Vorige zondag ging ik met Nathalie langs bij ons ma. Het was nog vroeg na de middag, de zon scheen volle bak en ma Maria straalde. Haar gezicht ging helemaal open toen ze Nathalie zag. Ze sprak haar ook aan bij haar naam, wel wat aarzelend en deels binnensmonds, maar niettemin met onverholen plezier. Op haar gezicht lag iets timide, een verlegen teken van toenadering, het zat bijna op de rand van ‘ik heb u wel graag’.
Voor ons ma is dat straffe kost, eer ze zich op die manier uitspreekt moet je hel en hemel verzet hebben. Mijn geliefde deed het op haar manier, ze sprak haar aan recht in het hart, zonder omwegen, doordacht maar zacht. En het werkt, mijn oude moeder toont haar gevoel, het is dat kostbaar goed waar ik als een verloren zoon naar snakte. Lag het aan mijn dwarse aanpak dat het niet werkte, of ben ik slechts het ongelukkige kind van een averechtse ma? In ieder geval, het was jarenlang onhandigheid troef, van de twee kanten. Er zit dus momenteel beterschap in, we leren nog bij, ik neem mijn tijd, veilig naast mijn lief, zij lacht en verleidt, met warmte en met charme. Ma Maria komt langzaam dichterbij, traag bereid op haar 91ste.
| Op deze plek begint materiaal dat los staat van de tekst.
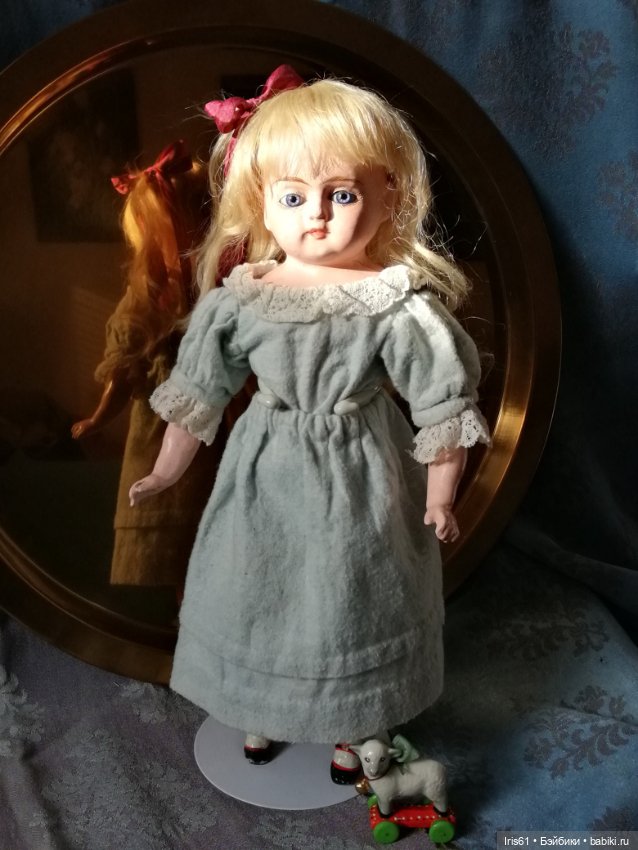 Девочка из волшебной страны (фото 8)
En dan valt mijn zus opeens binnen, vergezeld van een vage man, het is nog wel haar eigen vent. Ik ben op mijn hoede, denkend aan het laatste twistgesprek, de ontmoeting zonder groeten van mijn norse schoonbroer, de schermutseling met mijn zus over haar ogenschijnlijk vergeten van Vinnie, haar manifeste desinteresse voor het gemankeerde bezoekrecht aan mijn kleinkindjes.
Ik heb deze kater nog niet verteerd, de zurige nasmaak spint na.
Enfin, er wordt toch zoiets als een goeiendag gezegd, een snel gemompel, een steelse blik, ook van schoonbroer, zelfs naar Nathalie, maar net niet naar mij. Dat kan ik nog hebben, beauty comes before age. So what!
Er komt een gesprekje op gang, mijn zus zit naast mijn ma, ik dicht naast Nathalie, schoonbroer bevindt zich in onze dode hoek, strategisch uit het zicht, zijn eigen keuze. Het wordt de gewone prietpraat, over het weer, de zon die soms schijnt en dan weer niet, een kletske regen, de wind blaast warm en koud tegelijk, eigenlijk een hoop gezever om niks te zeggen.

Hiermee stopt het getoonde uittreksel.